United States officials are in last-minute efforts to secure bases close to Afghanistan for future operations. But the complexity of the continuing conflict has led to thorny diplomatic negotiations as the military pushes to have all forces out by early to mid-July, well before President Biden’s deadline of Sept. 11, according to American officials and regional experts.
One focus has been Pakistan.
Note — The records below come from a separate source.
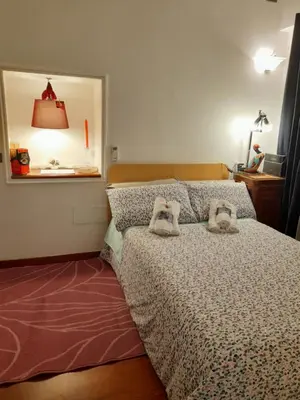Letto o letti in una camera di Napoli centro storico Un Passo da San Gennaro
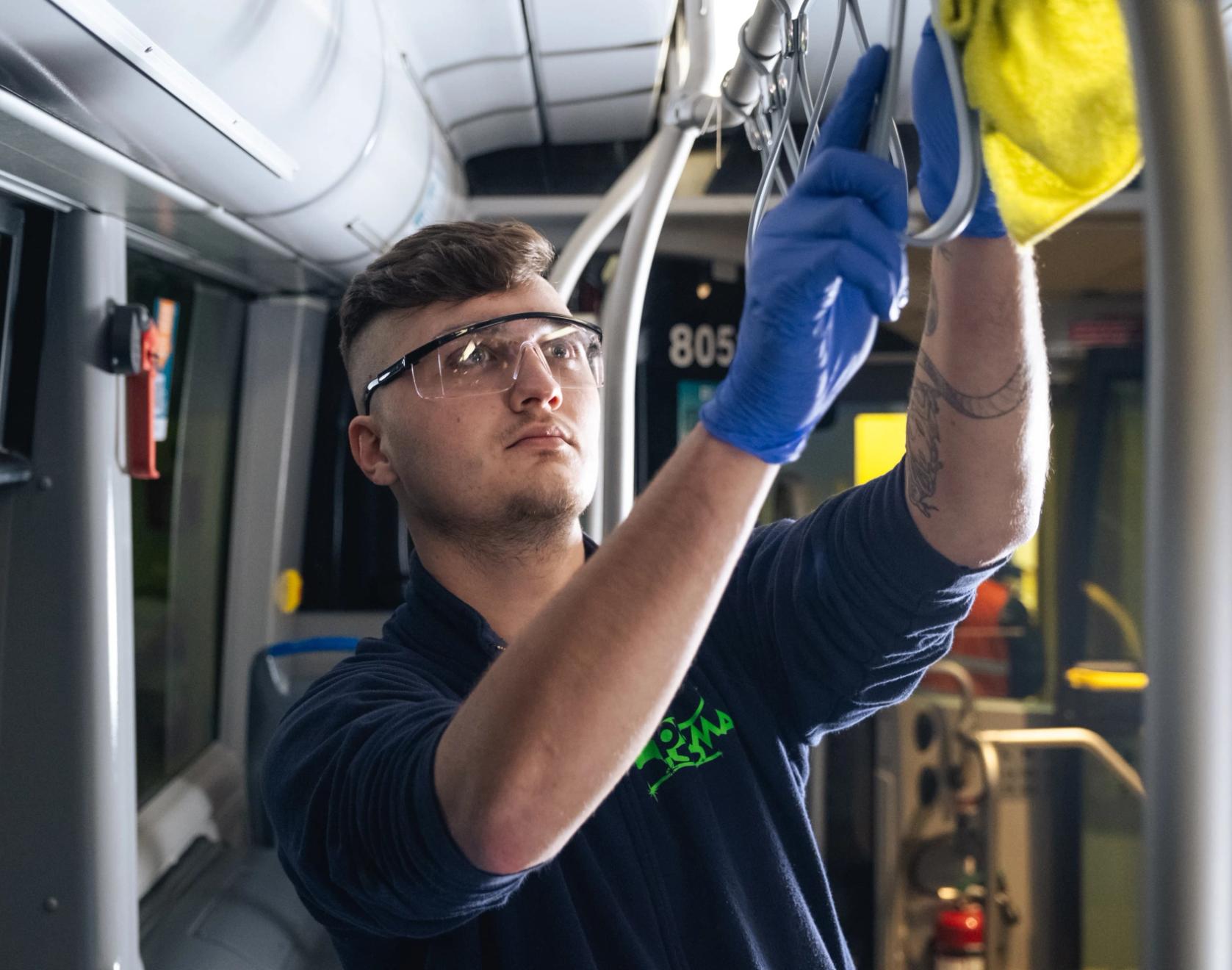 una persona che pulisce un mezzo di trasporto pubblico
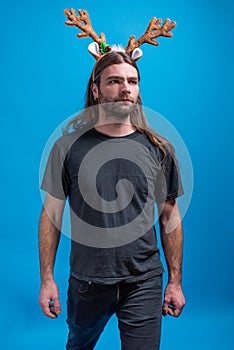 Concerned man wearing raindeer hair band looking away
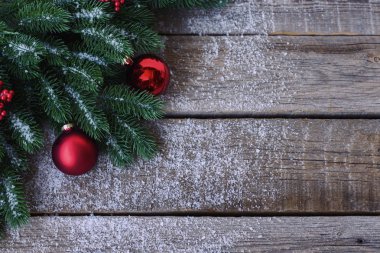 Noel ağacı dalları, dekorasyon ve kırmızı topları ile tebrik kartı için Noel arka plan, koyu ahşap tahta üzerinde. Metin için kopyalama alanı ile üst görünüm.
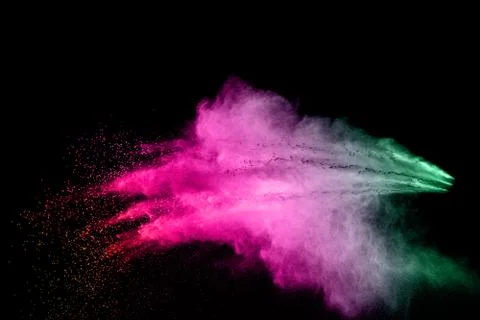 Abstract multi color powder explosion on black background. Stock Photos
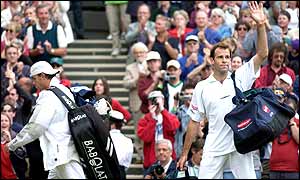Rusedski waves to the crowd as he leaves Centre Court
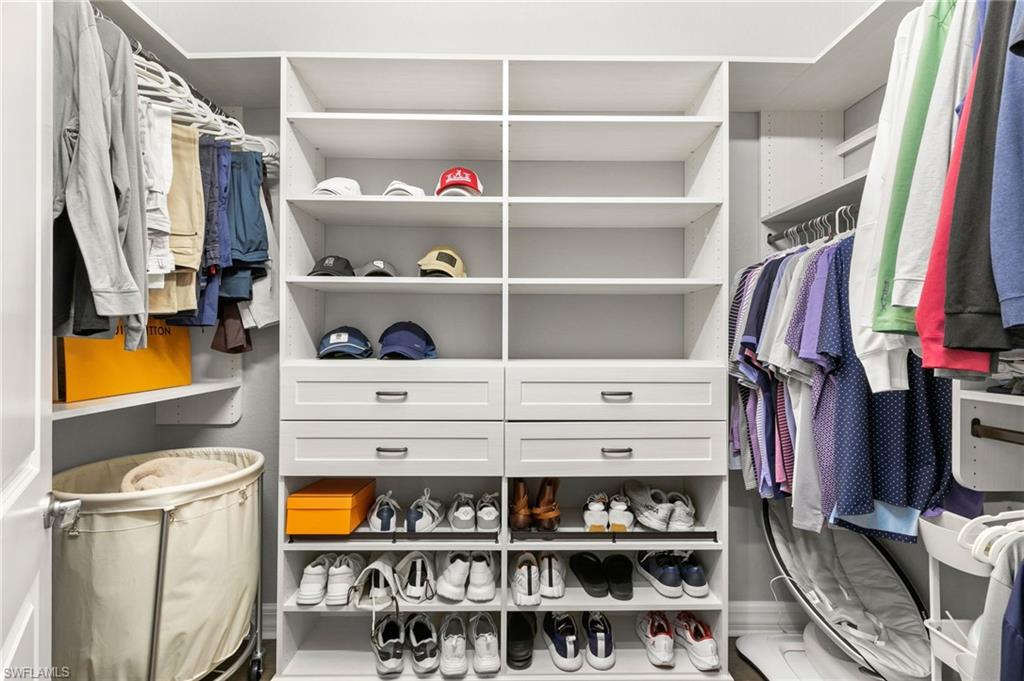 4308 Caldera Circle Naples, FL 34119 - Photo 22 of 44 a view of walk in closet with clothes and shoes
The C.I.A. used a base there for years to launch drone strikes against militants in the country’s western mountains, but was kicked out of the facility in 2011, when U.S. relations with Pakistan unraveled.
A New York Times report on Tuesday suggested that the negotiations between the two countries on the issue have reached an impasse.
The C.I.A. used the Shamsi air base in western Pakistan to carry out hundreds of drone strikes during a surge that began in 2008 and lasted during the early years of the Obama administration. The strikes focused primarily on suspected Qaeda operatives in Pakistan’s mountainous tribal areas, but they also crossed the border into Afghanistan.
Pakistan’s foreign minister, Shah Mehmood Qureshi, told lawmakers last month that the government would not allow the U.S. military to return to the country’s air bases. “Forget the past, but I want to tell the Pakistanis that no U.S. base will be allowed by Prime Minister Imran Khan so long he is in power,” Mr. Qureshi said.